Months before they took control of the Iraqi city of Mosul in June, Islamic State militants were already busy collecting money to finance their campaign of setting up a 7th century-style caliphate.

Militant Islamist fighters parade on military vehicles along the streets of northern Raqqa province. (photo credit: REUTERS)
Militant Islamist fighters parade on military vehicles along the streets of northern Raqqa province.
(photo credit: REUTERS)
Sometimes they came pretending to buy things. Sometimes they texted, sometimes they called, but the message was always the same: "Give us money."
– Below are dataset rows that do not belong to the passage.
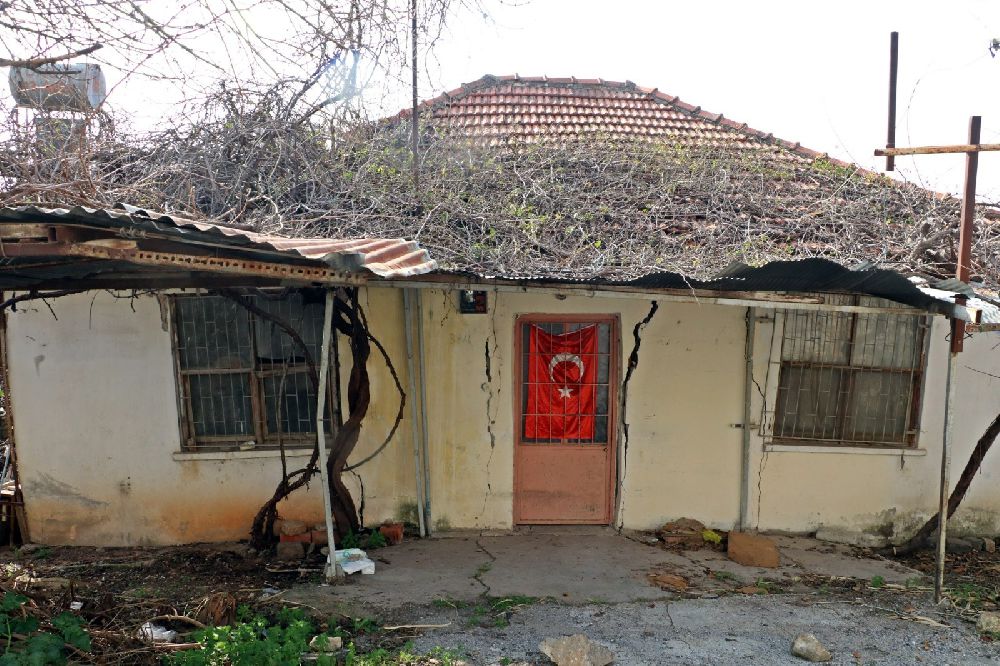 Antalya’da eğik evlerde diken üstünde yaşam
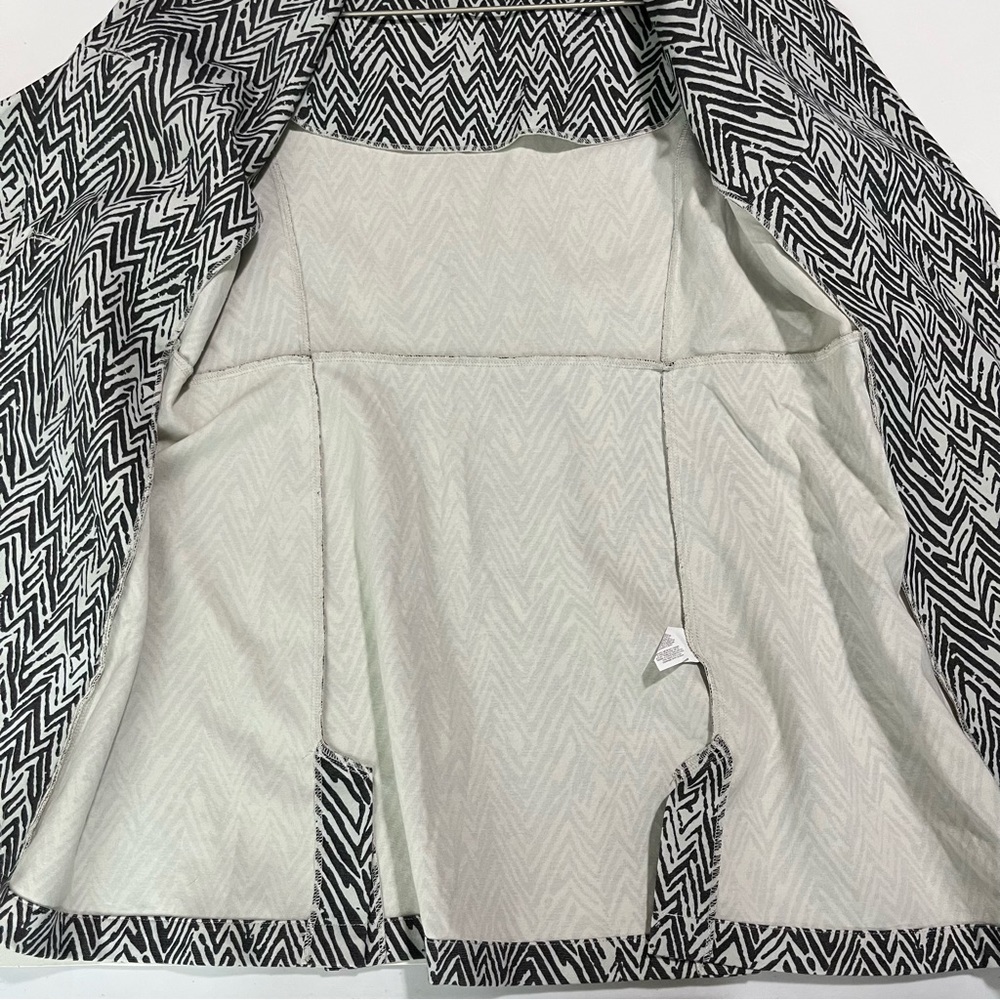 Cabi Zig Zag Ponte Knit Jacket style #3034 - Picture 9 of 11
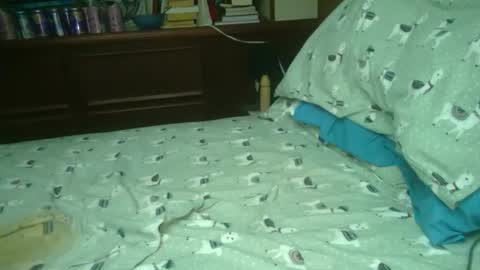 Snapshot of yacht3oy chatting on 12-20-25, 09:05 yacht3oy online show from 12-20-25, 09:05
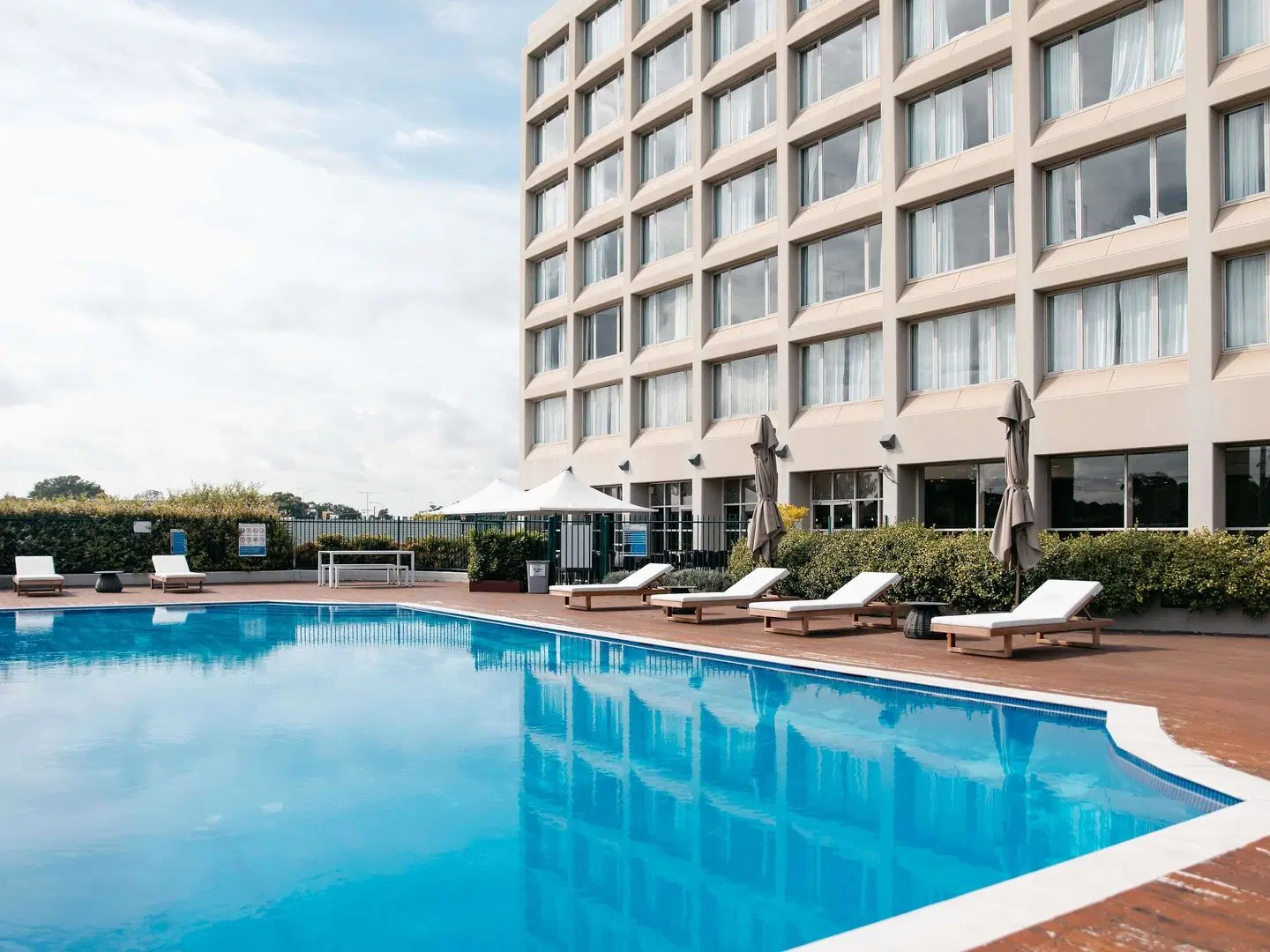 Mercure Sydney Parramatta OUTDOOR_POOL
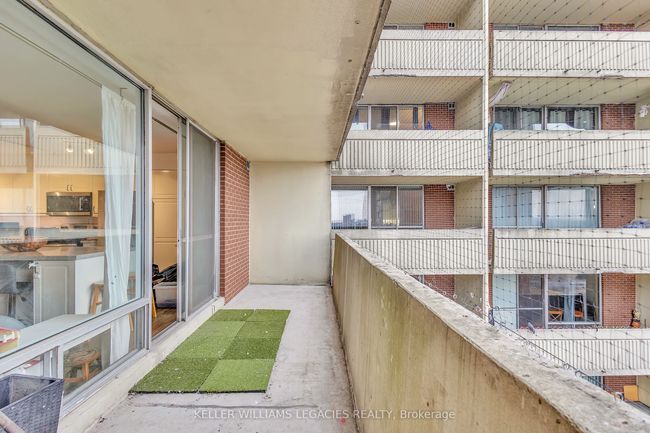 2001 - 1 Massey Sq, Condo with 2 bedrooms, 1 bathrooms and null parking in East York ON | Image 17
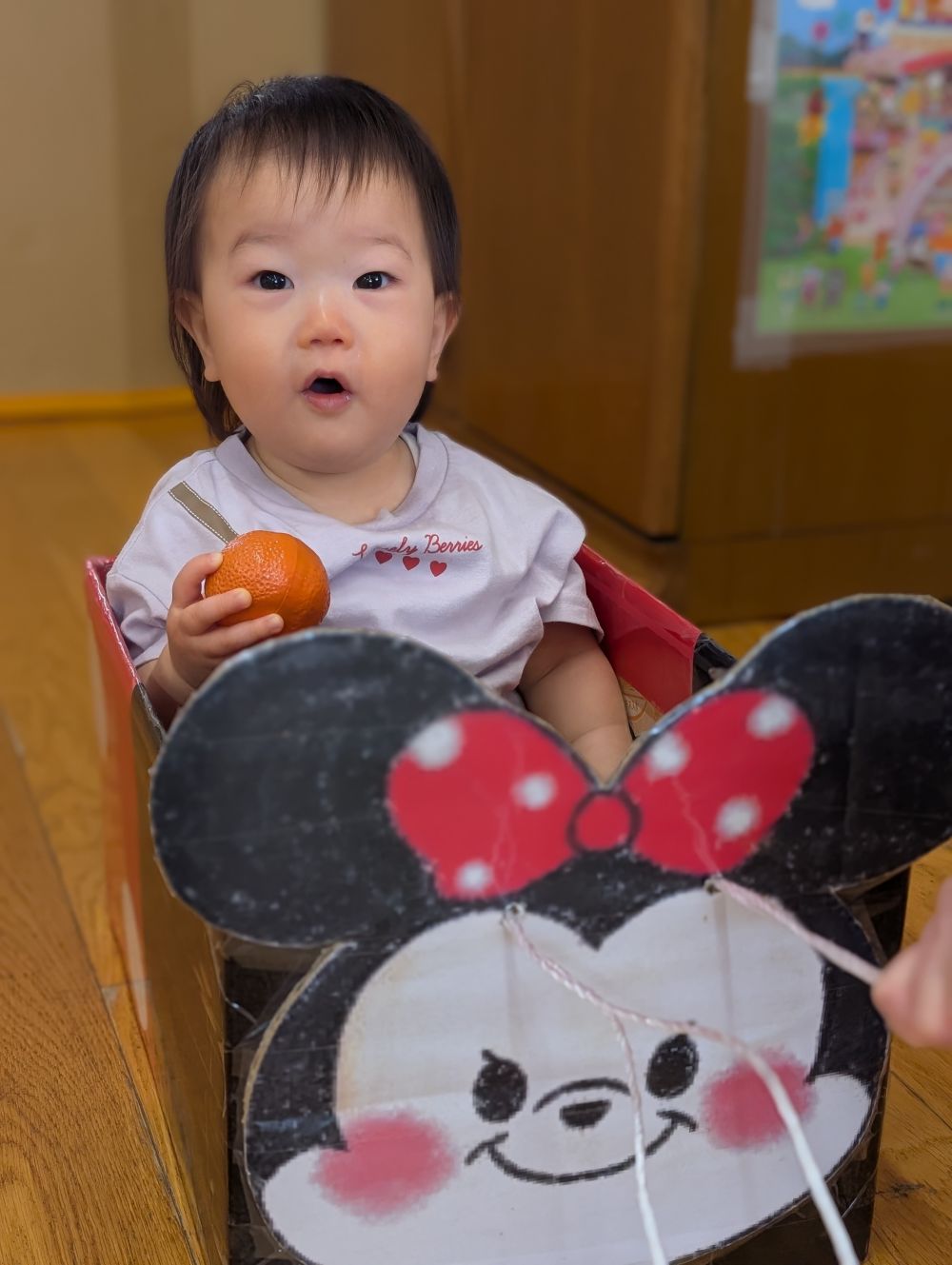 「Nちゃーん♪」と呼ぶと、”はーい”
と手を挙げていたNちゃん！
ミカンのおもちゃをお供に、ドライブかな？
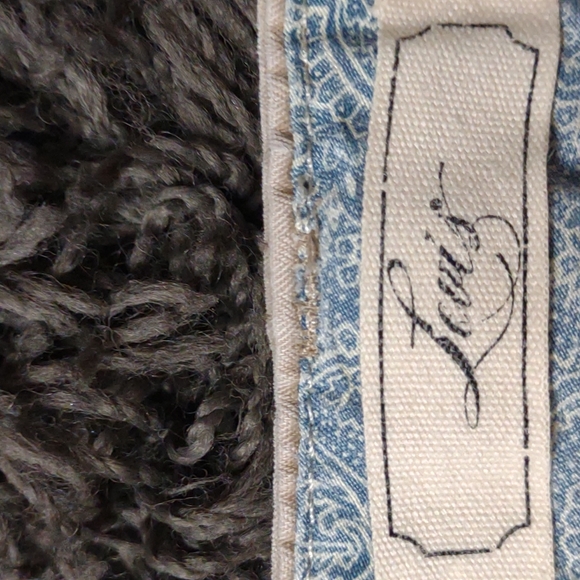 Levi - Picture 4 of 5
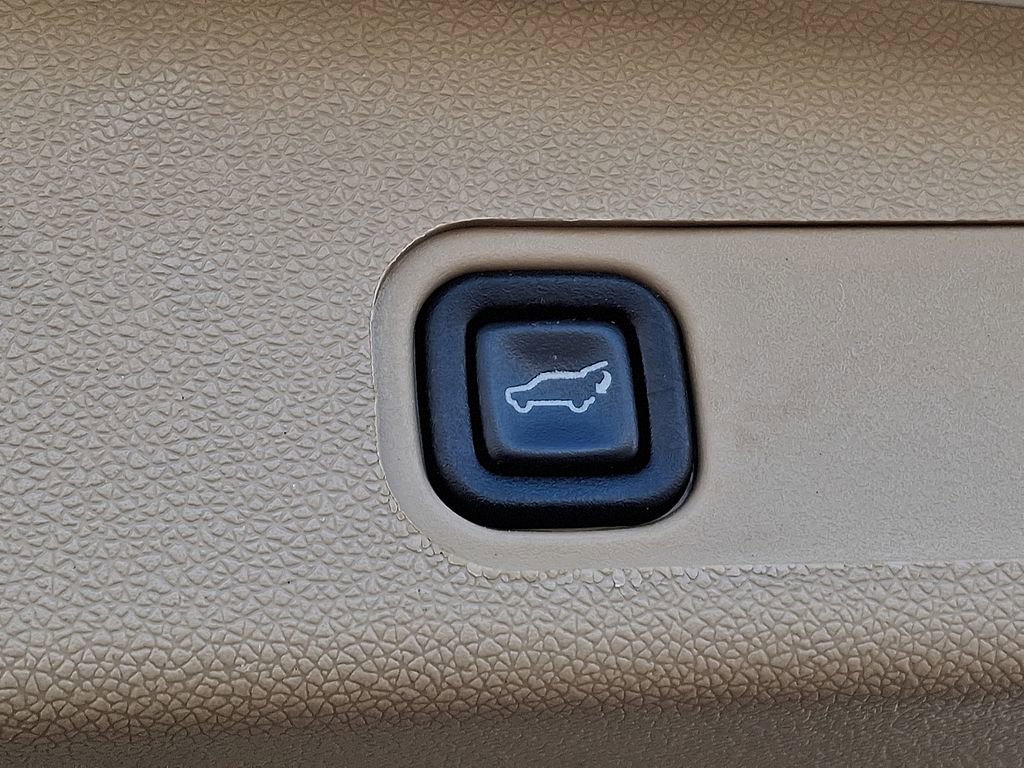 Used 2013 Cadillac Escalade Luxury image 30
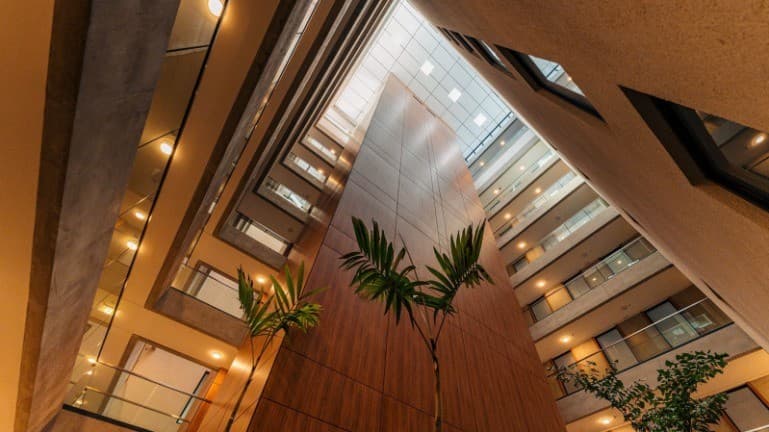 Monoambiente con balcón en Alzara Plaza – Asunción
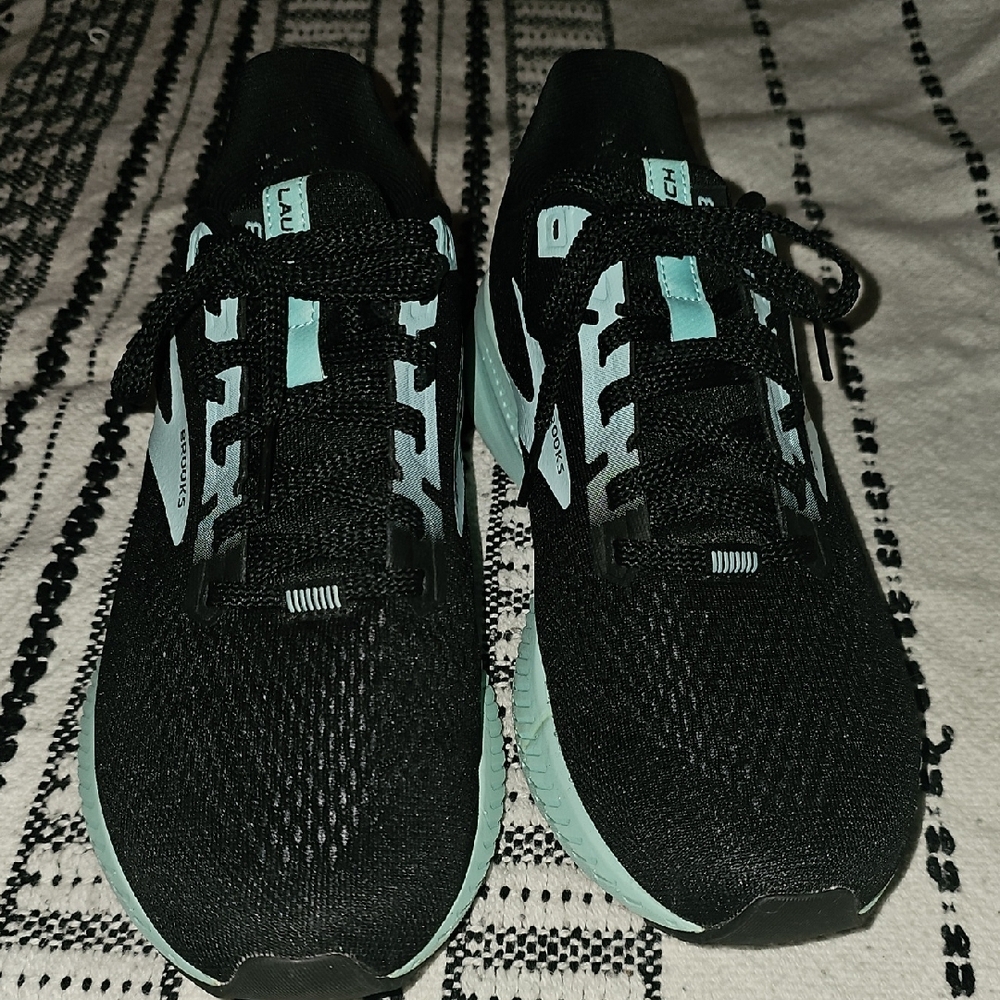 Black and Mint Breathable Mesh Running Shoes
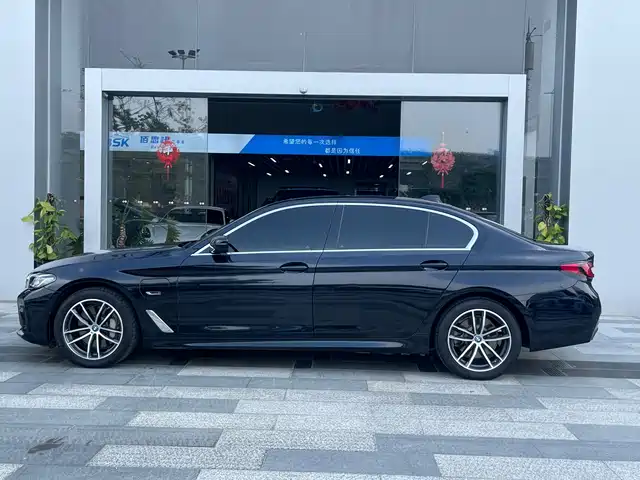 BMW 5 Series New Energy 2022 535Le Pioneer M Sport Package — фото 3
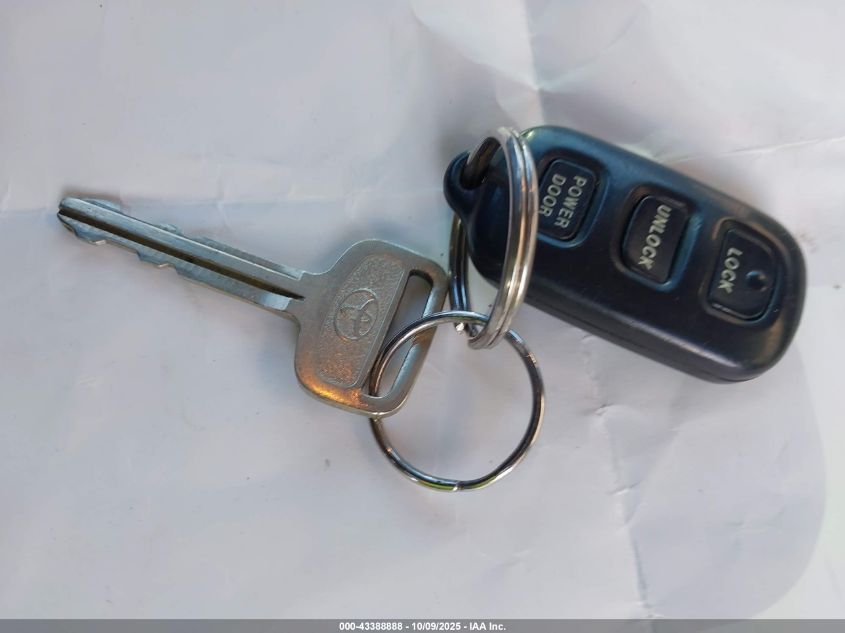 2002 Toyota Sienna Le VIN: 4T3ZF13C12U450451 Lot: 43388888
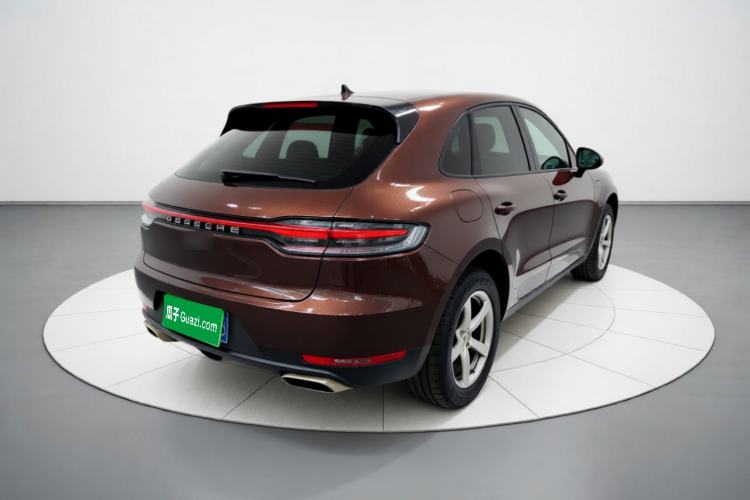 Used Porsche Macan 2018 Macan 2.0T Rear Right 45 Deg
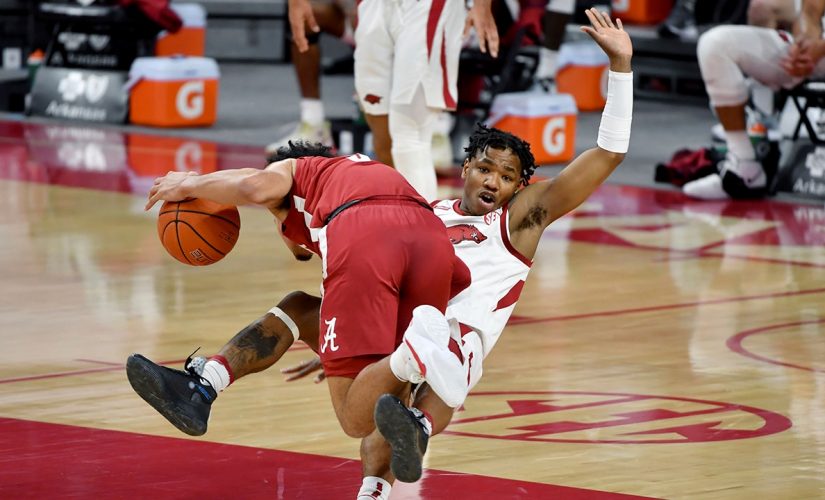 No. 20 Arkansas’ big run flusters No. 6 Alabama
Months before they took control of the Iraqi city of Mosul in June, Islamic State militants were already busy collecting money to finance their campaign of setting up a 7th century-style caliphate.
The owner of a Mosul grocery store recounted how, when he hesitated to pay, militants exploded a bomb outside his shop as a warning. "If a person still refused, they kidnapped him and asked his family to pay ransom," he said.
The shopkeeper, who declined to be identified out of concern for his safety, said he had paid the militants $100 a month six or seven times this year.
In return, he was given a receipt that says: "Received from Mr. ...., the amount of ...., as support to the Mujahideen."
The shop keeper's tale illustrates how Islamic State has long been systematically collecting funds for a land grab that already includes a stretch of northern Iraq and Syria. Another Mosul worker corroborated the account of IS tactics.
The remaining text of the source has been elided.